Thank you Shep, that did the trick. I redrew the cylinder with 1000 segments and the volume came close enough for me: 6283.14 mm³ vs 6283.19 from Excel!
I came to report this bug, as well. I understand the problem is with the segment count, but this shouldn’t be a valid excuse for incorrect values, regardless of how many segments the circle has. This means it applies to circle area and cylinder volume. The calculation functions should calculate the area using the circles actual radius (pi r squared). Surely, this can’t be too difficult to fix! “close enough”.isn’t a very good solution.
OP drew a shape close enough (for the eye) to look like a cilinder. And that is what SketchUp uses to calculate the volume of. It is what it is: very accurate!
The user can create the shape even closer to a perfect cilinder. And again, SketchUp will give you a more accurate value of its volume.
Its up to you how accurate you create the/a shape. Result of the volume… : accurate value
I do hope SketchUp will not be fixed to give us the wrong value, that of the 100% perfect cilinder that in fact isn’t there.
One potential problem is that a circle is not a fundamental shape in SketchUp, it is a polygon with some attached metadata about the parameters of the circle it represents (view that as a kludge if you like). Various kinds of edits force SketchUp to discard the metadata, at which point a loop of edges is all that remains. That will affect the calculated area and volume, and the ability to change the radius or segment count will be lost I think.
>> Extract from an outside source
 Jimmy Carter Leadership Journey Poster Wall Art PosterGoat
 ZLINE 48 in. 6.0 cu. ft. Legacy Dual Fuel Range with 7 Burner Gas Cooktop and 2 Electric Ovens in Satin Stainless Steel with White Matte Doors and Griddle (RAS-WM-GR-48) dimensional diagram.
Making a circle be a fundamental shape would most likely require a major rewrite of SketchUp’s geometry database.
I think the issue might come from the metadata system.
When you use the circle tool, you don’t trace a disc (the face). you trace a circle (the lines).
the lines have a circle metadata that allows them to have their perimeter properly calculated. But the disc (face) is simply the result of having a set of closed-loop coplanar lines. The face isn’t therefore a disc but whatever is defined by the circle. Therefore it can’t have an area measured by the formula.
Same for the cylinder, a disc extruded in 3d.
SU is a software that is based on lines, vertices, that generate faces. not the opposite. I get it’s very “egg or chicken, who came first”, but in this case it actually matters.